#### The task
Reproduce what is written in the records below exactly, and leave out the images.

#### Dataset records
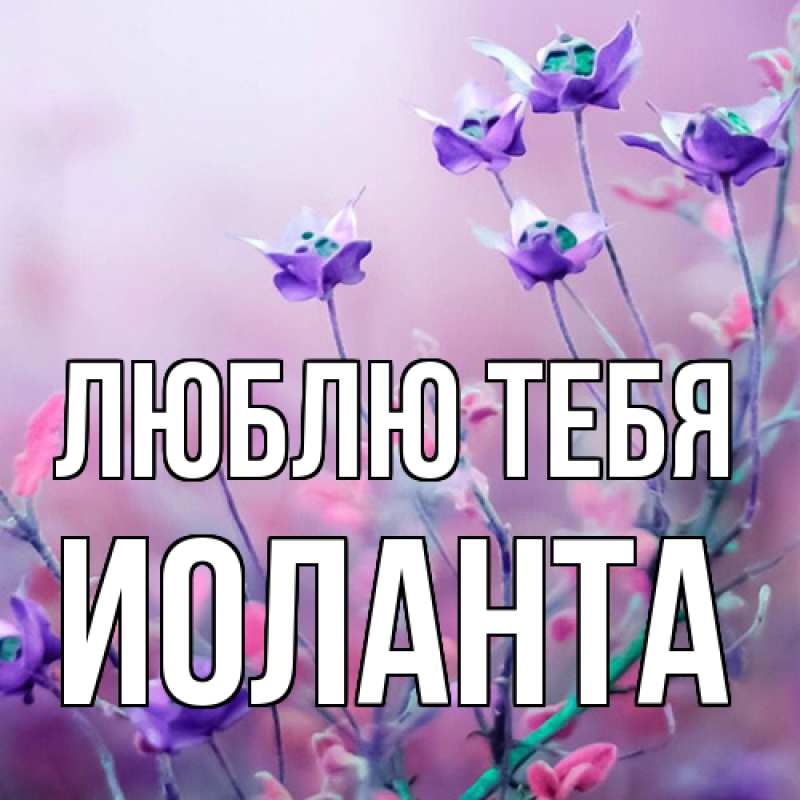 Картинка Люблю тебя, Иоланта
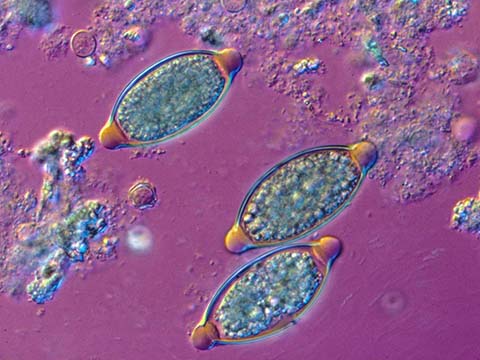 Fermenta Animal Health Company Organizations Nikon S Small World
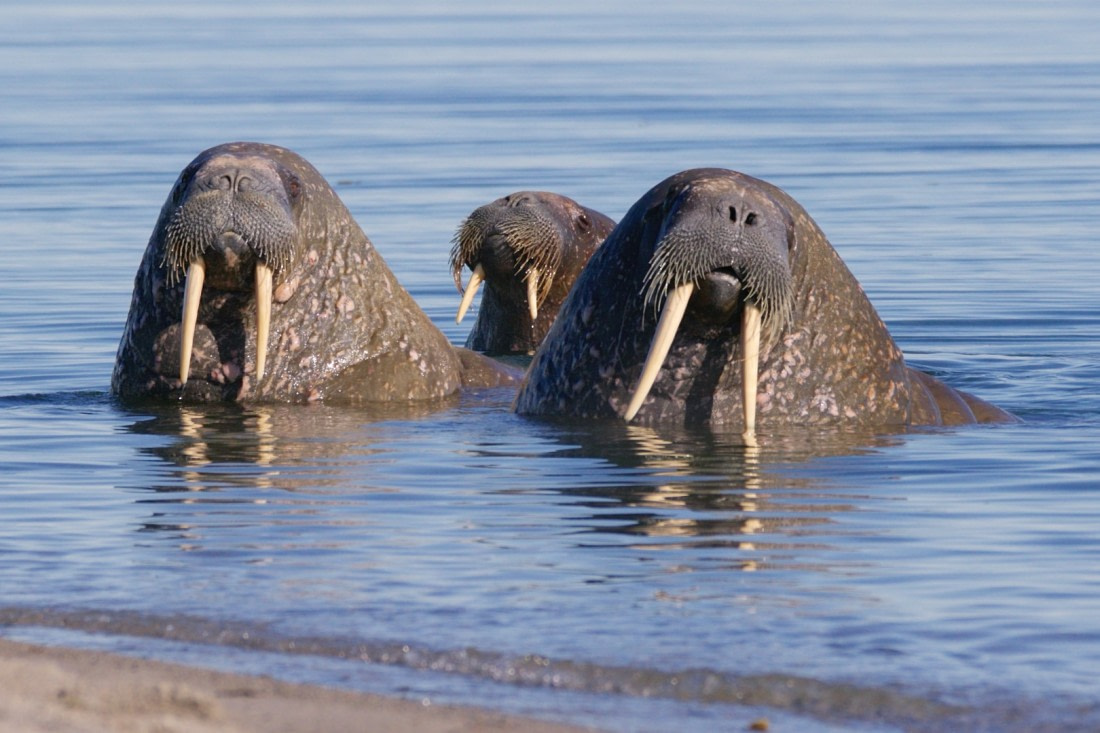Walrusses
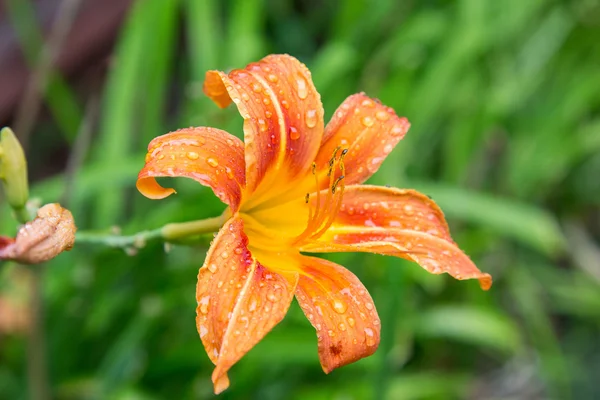 Yağmur sonra İmparatorluk lily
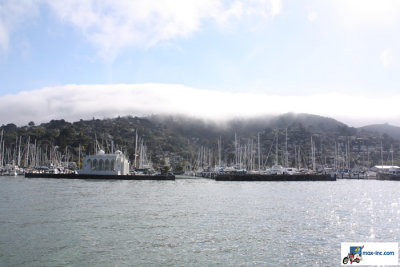 IMG_7324.jpg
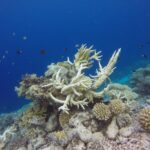 ahmed-areef-sbjq4byoad4-unsplash-2 (1)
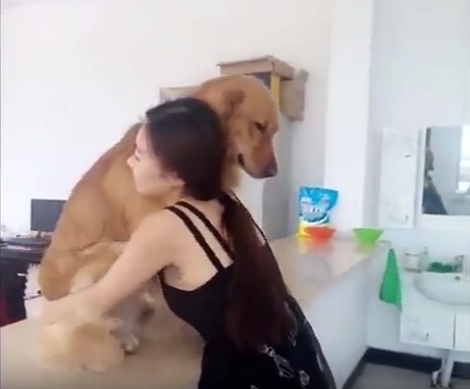 Mommy Wants Pup To Get Down, But Pup Has Other Plans! Check This Out!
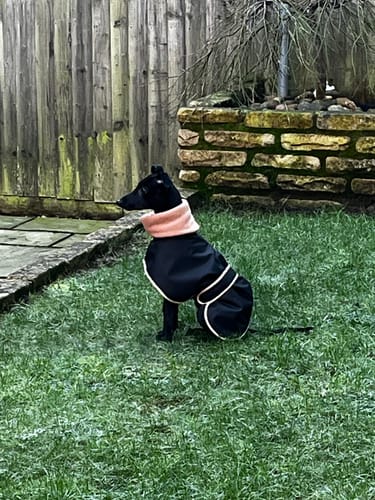 Customer photo review of Sighthound Coat with Harness Hole & Snood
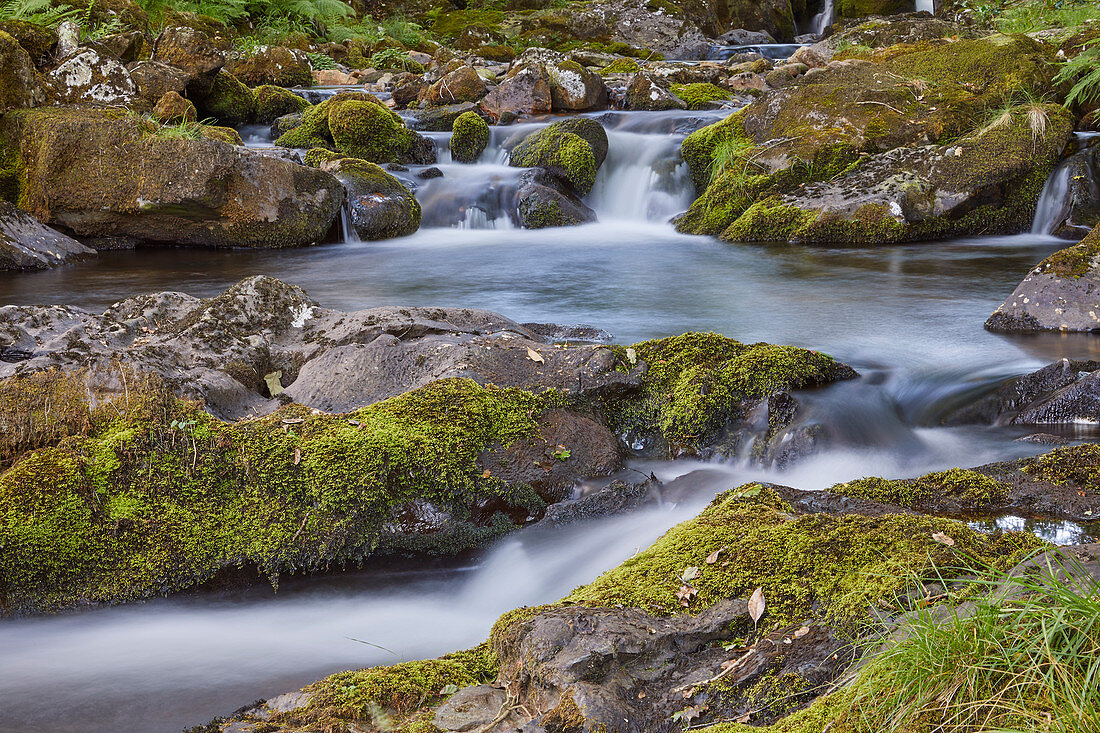 Ein Waldstrom, der East Okement River, fließt von den Nordhängen des Dartmoor-Nationalparks nahe Okehampton, Devon, England, Vereinigtes Königreich, Europa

#### Answer
 Картинка Люблю тебя, Иоланта
 Fermenta Animal Health Company Organizations Nikon S Small World
Walrusses
 Yağmur sonra İmparatorluk lily
 IMG_7324.jpg
 ahmed-areef-sbjq4byoad4-unsplash-2 (1)
 Mommy Wants Pup To Get Down, But Pup Has Other Plans! Check This Out!
 Customer photo review of Sighthound Coat with Harness Hole & Snood
 Ein Waldstrom, der East Okement River, fließt von den Nordhängen des Dartmoor-Nationalparks nahe Okehampton, Devon, England, Vereinigtes Königreich, Europa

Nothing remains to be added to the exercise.